Ketika kemarin satu tangga aku telah naik dengan senyum dan renungan, maka hari ini apakah tetap tersenyum atau air mata. Namun doa terbaik dibutuh tabah dalam menambah cerita semesta. Karena pulau pesona menawan hati sedang menanti. Tapi belum juga aku sampai di dermaga tempat berdirimu. Tataplah aku wahai penyejuk hati, biar kebahagianmu bersama semesta yang menyulam intaian gemuruh doa setiap kaki ini melangkah. Apakah iklasmu dalam bisikan kata suara yang dikirim? Atau masih ada jelmaan lain dalam diriku?

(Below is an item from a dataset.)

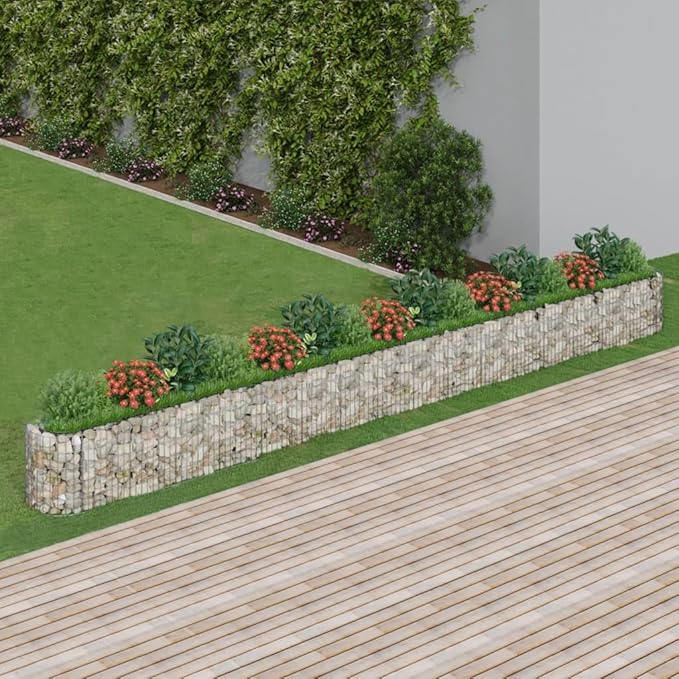 Gabion Raised Bed Galvanized IronRaised Flower BedsGardening PlantersMultifunctional Raised BedPlant Privacy FenceGreenhouse Planterfor GardensPatiosalconiesTerraces240.2x19.7x19.7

Jika memang masih ada jelmaan dalam diriku, maka kukira butuh waktu untuk menghilangkan ingatanmu tentang pulau lama. Bukan juga aku ingin segera ingatanmu hilang begitu saja. Akan tetapi, masa lalumu bagian dari sejarah panjang penuh dendam dan pelajaran berharga. Maka ambillah pelajaran menawan sukma menambah laju berpikir. Biar jalan menelusuri arus gelombang kehidupan tetap dinikmati tanpa keluh. Sebab, mengeluh sebagai dasar berdiri, maka kebosanan dan pasrah menyayat-nyayat semangat lalu terpola menjadi tak berdaya menghadap tantangan zaman.

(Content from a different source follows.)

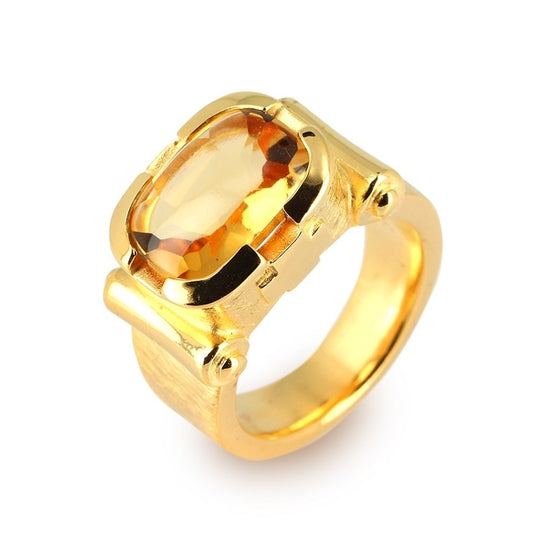 Excalibur großer Ring mit Citrin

Apalagi zaman semakin memanjakan banyak raga. Aku jadi takut kala dirimu terjebak menjadi manusia yang lupa diri, lupa tugas sebagai generasi pembenah, dan lalai pada arah gerak perubahan. Lalu, untuk apa diberikan nafas dan raga? Apakah hanya menikmati semerbak harum mewangi, menghirup udara yang berpolusi, dan menjelma jadi manusia yang lupa pada kepentingan banyak orang. Bukankah perjuangan adalah kesamaan antara kau dan aku? Sehingga cinta pun kita memaknai sebagai 'perjuangan' tanpa protes.
Ketika kata 'protes' sering kutemui di jalan-jalan, sambil para massa aksi menyanyikan lagu-lagu perjuangan. Dengan gagah berani para demonstran memberi nada kritis atas kebijakan pemerintah yang tak pro terhadap rakyat. Semoga kau dan golonganmu tak mengganggap miring tentang demonstrasi. Karena mereka rela kucurkan darah, keringat, dan suara melawan senjata yang dikalungkan di leher para aparat berdiri berjejer. Seolah-olah, suara lewat corong megafon dibendung dengan peluru emas. Lalu kemana hak kita sebagai warga negara? Atau kau memilih diam untuk melihat pebindasan? Ternyata, dunia kebebasan suara pun direnggus oleh kepentingan golongan. Hingga menggunakan rupiah menghambur menutup mulut.
Terus alam pun menderita akibat huru-hara kejar-mengejar kepentingan. Tapi, apa hendak dikata kalau alam lebih memilih diam serupa dirimu yang tak suka nada kasar. Karena bagimu "hal yang paling kau takutkan adalah berlaku kasar hidup sebagai manusia" di atas muka bumi. Karena trauma masa silammu belum bisa sepenuhnya kau hilangkan dari ingatan berlianmu. Maka, satu poin penting yang kupetik dari dirimu adalah "kau menolak berlaku kasar tak berprikemanusian, tapi kau lebih menyukai kelembutan dan kasih sayang sepanjang waktu".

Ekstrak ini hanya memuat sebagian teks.